Такое положение дел не могло, однако, долго продолжаться. Если люди на остове судна имели за собой преимущество удобной позиции, шайка разбойников имела зато в своем распоряжении лес. Они могли свободно охотиться в нем, запасаясь вдоволь съестными припасами, тем более что теперь наступил март и в эту весеннюю пору лесные трущобы изобиловали дичью всякого рода – четвероногой и пернатой. На разбитом судне, напротив, провизия истощалась в значительных размерах, а так как обе осады тянулись уже в общей сложности три недели, то можно было предвидеть тот час, когда придется произвести отчаянную вылазку, чтобы достать пищи, если осажденные не хотели дойти до самого худшего – голодной смерти.

Несчастные составили перепись боевых и съестных припасов. Первых могло хватить еще надолго, но количество вторых не позволяло оставаться на корабле более одной недели. Да и этот срок был еще под сомнением. Действительно, маленькой колонии не довелось дотянуть до конца недели.

Осаждающие еще раз первые потеряли терпение. Утром на девятый день Каванту, поднявшийся раньше всех на заре, громким голосом призвал товарищей к оружию.

Регатоэс не было видно на скалистом берегу.

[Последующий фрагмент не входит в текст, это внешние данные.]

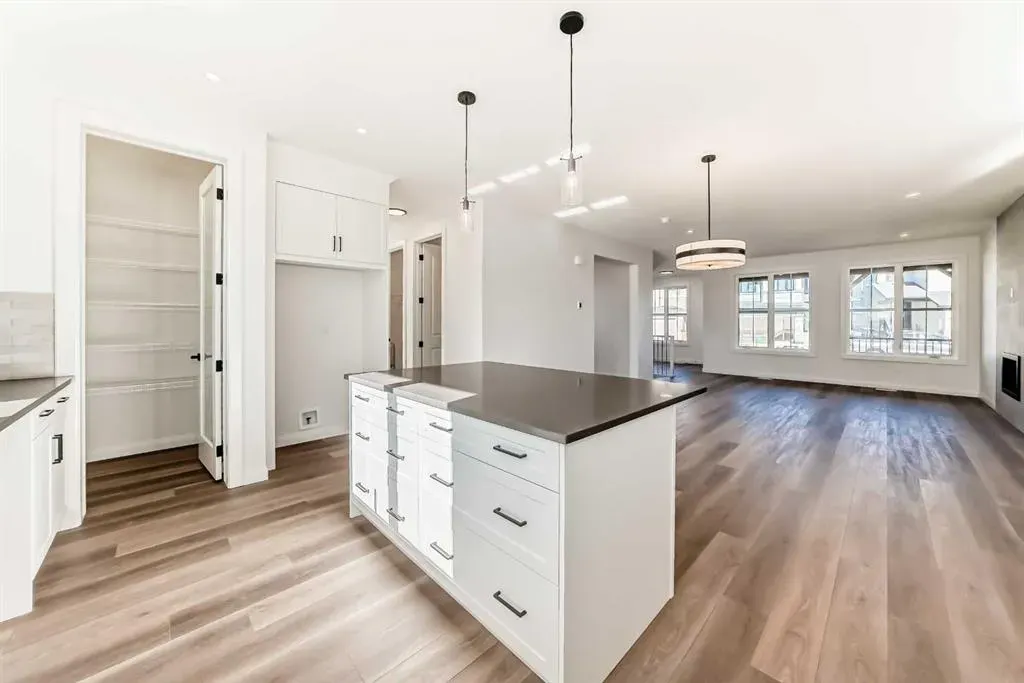 588 Grayling Bend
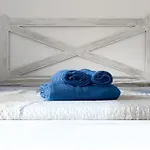 Two Bedrooms Oasi Blue Papagayo By Rentalfue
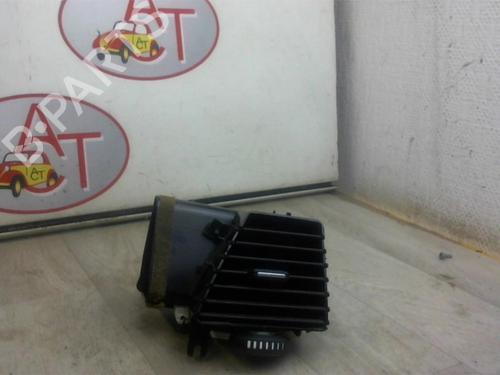 Air vent RENAULT LAGUNA III (BT0/1) 1.5 dCi (BT00, BT0A, BT0T, BT1J) | BP13132843I21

Человек тридцать из них успело с помощью веревок спуститься на низменную отмель и перешеек, пользуясь ночной темнотой. И вот, вооруженные кто ружьем, кто топором, кто револьвером, держа нож в зубах, они окружили корабль, выстраиваясь в колонны, чтобы напасть всем скопищем на твердыню «Сен-Жака», защищаемую сорокалетним беглецом, подростком восемнадцати лет, девушкой годом моложе, индианкой и ее мальчиком. Таким образом, на каждого из осажденных приходилось почти по десять противников, нечто аналогичное с битвой Леонида против персов в Фермопилах.

Однако численное превосходство врага не заставило храбрецов упасть духом. Сеньор регатоэс Магалиао, выступив вперед, с высокомерной наглостью произнес на ломаном французском языке, обращаясь к Жану:

– Господин человек, отдайте твое оружие.

Сын доктора Риво, чувствуя, что в нем заговорила благородная кровь, отвечал, подобно спартанскому герою:

– Приди и возьми его!

Разбойники только и ожидали этого вызова. Он послужил им сигналом.

С криками ярости бросились они на приступ. Но Жан, предварительно приняв свои меры предосторожности, вскочил на мостик, громко отдавая краткое приказание:

– Жанна, Ильпа, Сари, к люку! Каванту, к Гочкису!

Сам он принялся поворачивать митральезу Максима, тогда как его товарищ бросился наводить пушку-револьвер.

Смертоносный, страшный, грянул двойной залп, как гром, осыпав снарядами перешеек и низменную отмель. Пятнадцать человек из числа осаждающих упали как подкошенные. Остальные кинулись бежать сломя голову, прочь, за исключением четырех, которые, уцепившись за канаты бушприта, влезли на палубу и выстрелили на удачу по защитникам разбитого судна.

Однако их дальнейшим подвигам скоро был положен конец. Выстрелом в упор Жан размозжил голову первому вступившему на борт «Сен-Жака», второго, как цыпленка, загрыз Золотая Шубка, который загладил этим совершенное им некогда бесчинство. Третий получил ловкий удар ножа от руки гасконца. Но никто не успел остановить четвертого; толкнув Ильпу и Жанну, он бросился вниз по лестнице, которая вела в каюты.